Rory McIlroy, who was looking to complete the career Grand Slam, got run over by Reed in their pairing together.

While McIlroy knows his golf history, he made a mistake trying to turn his major championship experience against Reed on Saturday evening, before Reed headed home to sleep on his first 54-hole lead in a major.

“I feel like all the pressure is on him,” McIlroy said. “He’s got to go out and protect that, and he’s got a few guys chasing him who are pretty big-time players. He’s got that to deal with and sleep on tonight.”

McIlroy is sharp guy, but, boy, did that tactic backfire.

McIlroy shot 74 and was pretty much irrelevant on the back nine.

While Reed may have a feistier edge than most of today’s young players, he could be the poster boy for the era’s fearless style of play.

“Patrick is not scared,” Fowler said. “He won’t back down.
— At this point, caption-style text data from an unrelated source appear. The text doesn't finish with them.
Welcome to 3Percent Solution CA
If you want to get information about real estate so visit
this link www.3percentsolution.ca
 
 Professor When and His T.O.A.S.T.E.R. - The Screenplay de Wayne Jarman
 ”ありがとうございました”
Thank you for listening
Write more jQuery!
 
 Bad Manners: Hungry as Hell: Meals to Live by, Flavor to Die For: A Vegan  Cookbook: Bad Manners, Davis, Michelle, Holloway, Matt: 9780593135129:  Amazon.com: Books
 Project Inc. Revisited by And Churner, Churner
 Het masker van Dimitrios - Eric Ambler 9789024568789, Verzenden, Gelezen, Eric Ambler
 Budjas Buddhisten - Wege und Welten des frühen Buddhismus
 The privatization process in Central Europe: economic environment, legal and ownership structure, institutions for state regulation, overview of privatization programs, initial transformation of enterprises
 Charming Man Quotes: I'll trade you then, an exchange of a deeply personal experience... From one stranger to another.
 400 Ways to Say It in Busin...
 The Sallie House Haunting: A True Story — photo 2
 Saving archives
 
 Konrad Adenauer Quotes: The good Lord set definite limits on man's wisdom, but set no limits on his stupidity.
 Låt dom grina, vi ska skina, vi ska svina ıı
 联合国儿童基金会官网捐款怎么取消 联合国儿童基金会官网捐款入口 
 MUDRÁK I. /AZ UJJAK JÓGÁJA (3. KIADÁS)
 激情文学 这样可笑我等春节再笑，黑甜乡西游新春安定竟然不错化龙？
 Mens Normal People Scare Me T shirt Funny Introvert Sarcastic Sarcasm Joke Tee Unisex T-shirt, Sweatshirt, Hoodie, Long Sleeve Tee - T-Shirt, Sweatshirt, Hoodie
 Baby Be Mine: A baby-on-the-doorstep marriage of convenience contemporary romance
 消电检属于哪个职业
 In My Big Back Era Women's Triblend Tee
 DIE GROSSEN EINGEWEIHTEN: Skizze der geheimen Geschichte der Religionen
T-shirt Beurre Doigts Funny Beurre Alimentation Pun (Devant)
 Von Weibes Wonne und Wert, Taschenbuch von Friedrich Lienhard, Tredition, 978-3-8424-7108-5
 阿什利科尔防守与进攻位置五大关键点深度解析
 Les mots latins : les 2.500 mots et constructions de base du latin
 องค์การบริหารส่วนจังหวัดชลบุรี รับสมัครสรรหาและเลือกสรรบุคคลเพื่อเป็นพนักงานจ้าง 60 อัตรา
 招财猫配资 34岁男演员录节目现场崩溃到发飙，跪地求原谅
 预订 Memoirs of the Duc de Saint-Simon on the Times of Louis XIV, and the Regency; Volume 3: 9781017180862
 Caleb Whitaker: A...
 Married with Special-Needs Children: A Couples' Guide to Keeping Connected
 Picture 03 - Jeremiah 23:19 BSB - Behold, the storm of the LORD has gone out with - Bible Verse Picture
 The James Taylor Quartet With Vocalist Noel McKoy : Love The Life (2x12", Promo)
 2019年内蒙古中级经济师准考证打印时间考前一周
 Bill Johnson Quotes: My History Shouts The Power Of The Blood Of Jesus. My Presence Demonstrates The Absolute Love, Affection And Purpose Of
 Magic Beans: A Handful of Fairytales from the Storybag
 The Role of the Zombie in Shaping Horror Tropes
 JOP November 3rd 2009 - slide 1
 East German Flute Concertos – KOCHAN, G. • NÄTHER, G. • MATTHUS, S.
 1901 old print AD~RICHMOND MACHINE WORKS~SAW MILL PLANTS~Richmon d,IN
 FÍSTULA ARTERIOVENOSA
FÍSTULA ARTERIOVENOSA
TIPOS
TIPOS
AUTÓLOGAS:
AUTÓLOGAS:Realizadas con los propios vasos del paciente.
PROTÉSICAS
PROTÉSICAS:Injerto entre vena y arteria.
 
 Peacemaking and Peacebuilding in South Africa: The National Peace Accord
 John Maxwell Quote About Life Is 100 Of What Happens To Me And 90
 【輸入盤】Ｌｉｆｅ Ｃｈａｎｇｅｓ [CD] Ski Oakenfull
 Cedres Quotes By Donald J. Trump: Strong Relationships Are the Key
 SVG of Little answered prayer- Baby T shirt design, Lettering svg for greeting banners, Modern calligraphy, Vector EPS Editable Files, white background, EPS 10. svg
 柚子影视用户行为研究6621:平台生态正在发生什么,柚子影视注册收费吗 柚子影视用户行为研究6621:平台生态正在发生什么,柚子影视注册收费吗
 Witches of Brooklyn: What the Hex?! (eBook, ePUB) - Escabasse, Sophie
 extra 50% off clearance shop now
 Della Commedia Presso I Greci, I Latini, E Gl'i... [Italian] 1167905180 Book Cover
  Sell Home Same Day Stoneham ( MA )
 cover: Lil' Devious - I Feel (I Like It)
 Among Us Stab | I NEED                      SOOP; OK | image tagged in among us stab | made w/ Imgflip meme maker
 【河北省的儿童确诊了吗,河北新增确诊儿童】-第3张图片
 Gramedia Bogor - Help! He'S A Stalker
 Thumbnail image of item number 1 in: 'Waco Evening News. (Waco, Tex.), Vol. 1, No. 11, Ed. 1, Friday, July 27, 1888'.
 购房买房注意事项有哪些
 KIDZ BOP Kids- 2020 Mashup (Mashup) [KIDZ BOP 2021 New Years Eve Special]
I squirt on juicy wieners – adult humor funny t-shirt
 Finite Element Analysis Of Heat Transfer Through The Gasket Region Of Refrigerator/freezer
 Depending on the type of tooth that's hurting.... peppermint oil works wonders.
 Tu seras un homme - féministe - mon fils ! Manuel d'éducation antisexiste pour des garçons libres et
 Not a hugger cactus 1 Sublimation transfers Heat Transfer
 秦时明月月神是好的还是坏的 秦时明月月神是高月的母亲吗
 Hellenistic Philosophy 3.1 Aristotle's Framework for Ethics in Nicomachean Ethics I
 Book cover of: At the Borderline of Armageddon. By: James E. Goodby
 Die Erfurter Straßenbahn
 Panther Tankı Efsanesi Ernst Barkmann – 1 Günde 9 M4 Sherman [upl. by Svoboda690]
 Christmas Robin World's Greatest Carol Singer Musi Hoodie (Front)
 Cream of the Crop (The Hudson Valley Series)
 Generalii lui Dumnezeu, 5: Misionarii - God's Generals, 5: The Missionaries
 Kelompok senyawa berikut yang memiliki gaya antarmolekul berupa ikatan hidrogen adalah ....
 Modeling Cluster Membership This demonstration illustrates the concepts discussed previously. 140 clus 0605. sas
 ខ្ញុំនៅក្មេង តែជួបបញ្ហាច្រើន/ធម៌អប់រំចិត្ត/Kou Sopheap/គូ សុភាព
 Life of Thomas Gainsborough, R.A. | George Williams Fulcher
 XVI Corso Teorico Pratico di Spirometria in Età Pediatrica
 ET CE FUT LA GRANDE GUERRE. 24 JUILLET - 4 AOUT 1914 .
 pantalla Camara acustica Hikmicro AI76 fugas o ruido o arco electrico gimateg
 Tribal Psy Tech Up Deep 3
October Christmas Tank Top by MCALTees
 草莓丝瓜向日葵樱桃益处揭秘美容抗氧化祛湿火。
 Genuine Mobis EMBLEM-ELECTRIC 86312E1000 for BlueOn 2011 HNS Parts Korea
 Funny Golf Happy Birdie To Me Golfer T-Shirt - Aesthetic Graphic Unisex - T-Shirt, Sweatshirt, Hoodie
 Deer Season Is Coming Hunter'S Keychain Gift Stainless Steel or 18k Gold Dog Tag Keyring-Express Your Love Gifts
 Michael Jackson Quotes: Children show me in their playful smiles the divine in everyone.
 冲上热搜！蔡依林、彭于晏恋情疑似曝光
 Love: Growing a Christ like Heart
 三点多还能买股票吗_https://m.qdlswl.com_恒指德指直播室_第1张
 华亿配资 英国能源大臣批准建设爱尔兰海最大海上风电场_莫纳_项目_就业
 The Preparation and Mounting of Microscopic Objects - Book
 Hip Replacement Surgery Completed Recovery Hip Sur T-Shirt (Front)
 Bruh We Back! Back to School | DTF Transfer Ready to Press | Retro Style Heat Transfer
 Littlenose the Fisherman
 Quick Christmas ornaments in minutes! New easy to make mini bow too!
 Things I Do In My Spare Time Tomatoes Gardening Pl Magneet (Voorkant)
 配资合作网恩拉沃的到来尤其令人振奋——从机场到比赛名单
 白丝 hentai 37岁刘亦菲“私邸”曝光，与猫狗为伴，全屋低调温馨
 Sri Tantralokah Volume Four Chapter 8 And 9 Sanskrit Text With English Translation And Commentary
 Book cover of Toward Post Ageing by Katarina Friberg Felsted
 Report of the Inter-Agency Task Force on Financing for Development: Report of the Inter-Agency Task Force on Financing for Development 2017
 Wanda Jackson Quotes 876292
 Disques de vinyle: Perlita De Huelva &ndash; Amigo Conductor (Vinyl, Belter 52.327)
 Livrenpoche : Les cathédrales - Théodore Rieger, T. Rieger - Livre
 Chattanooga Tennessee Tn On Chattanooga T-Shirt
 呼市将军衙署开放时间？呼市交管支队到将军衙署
He’s a fighter.”

Reed reveled hearing so many prognosticators on Sunday morning pick McIlroy over him. It was like high-octane fuel for him. Same thing when he heard fans cheering more for McIlroy at the first tee, and later for Spieth and Fowler as they made their charges.

Spieth, 24, suggested after a fast start Thursday that owning a green jacket is a formidable difference maker once the first tee balls are in the air at Augusta National.

“Once you win here, you have an advantage over anybody who hasn't won here,” Spieth said.

That makes sense, but not as much sense as it used to make, at the Masters or in any other major.

Youthful bravado is trumping experience more than it ever has.

“Patrick is a member of the Masters club now,” Spieth said. “He’ll have a green jacket forever. His name is etched in history.”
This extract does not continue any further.